[[ DATA IN THIS EXERCISE, beginning ]]
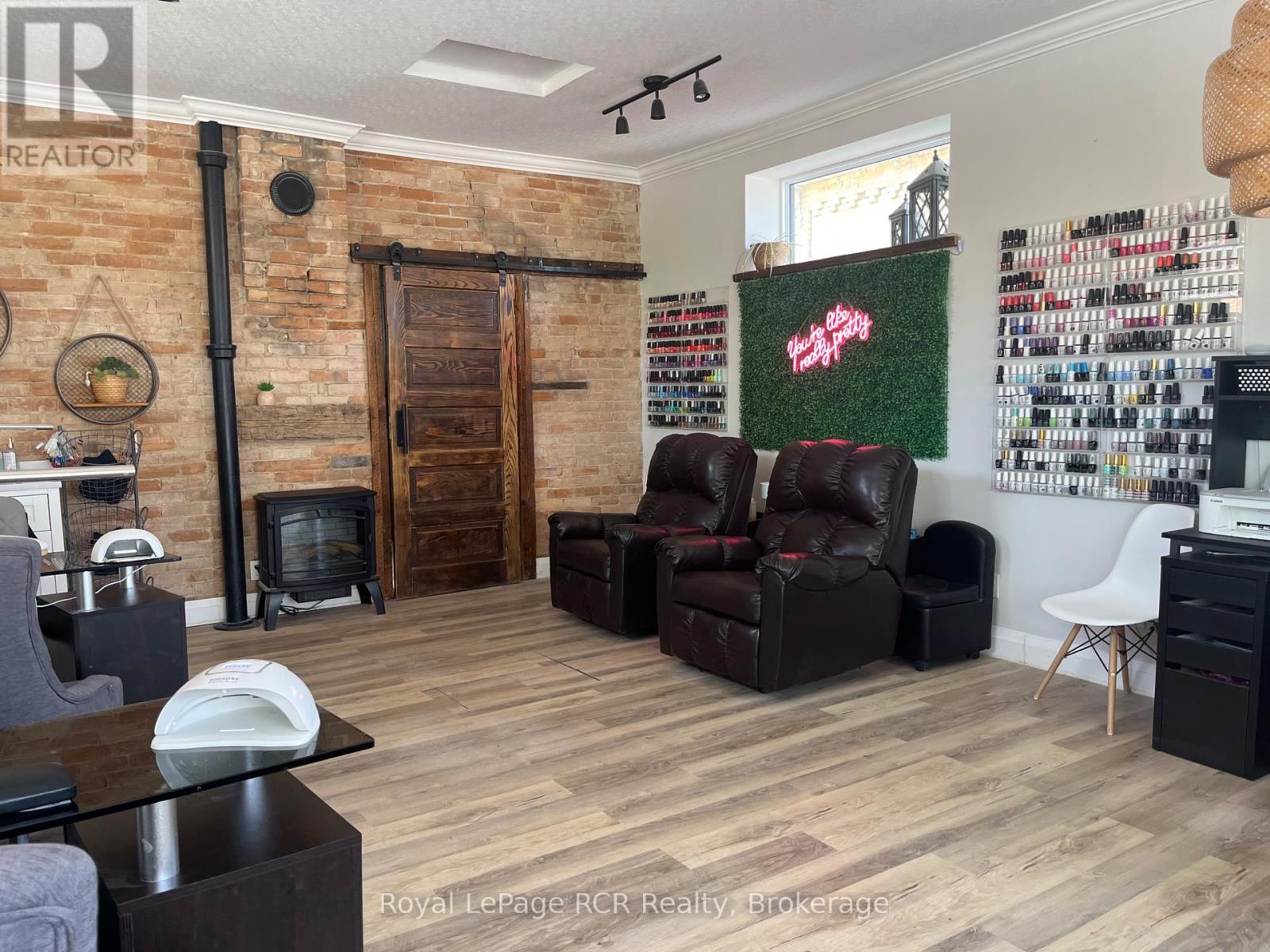 












491 9TH AVENUE N

,
Hanover,




Ontario
N4N2M4


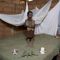 Chiwa žije v Malawi se svými rodiči a sestrou. Jejich chatrč nemá zavedenou elektřinu ani vodu. Ráda se účastní venkovních hrátek s dalšími padesáti dětmi z vesnice. Hraček však dívenka moc nemá. "Nejradši mám toho dinosaura, protože mě chrání před nebezpečnými zvířaty," říká.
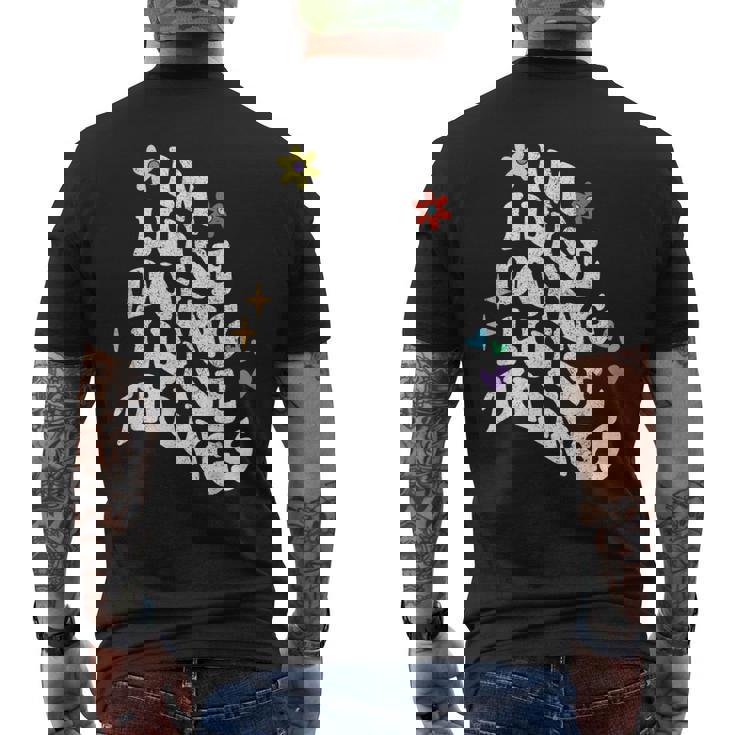 レトログルーヴィーなイム・ルイーズ Doing Luise Things 面白い母の日 メンズTシャツ バックプリント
[[ DATA IN THIS EXERCISE, end ]]
**WHAT IS EXPECTED:** Would you output each entry exactly and leave the pictures behind?

**OUTPUT FOR THIS TASK:**
491 9TH AVENUE N

,
Hanover,




Ontario
N4N2M4


 Chiwa žije v Malawi se svými rodiči a sestrou. Jejich chatrč nemá zavedenou elektřinu ani vodu. Ráda se účastní venkovních hrátek s dalšími padesáti dětmi z vesnice. Hraček však dívenka moc nemá. "Nejradši mám toho dinosaura, protože mě chrání před nebezpečnými zvířaty," říká.
 レトログルーヴィーなイム・ルイーズ Doing Luise Things 面白い母の日 メンズTシャツ バックプリント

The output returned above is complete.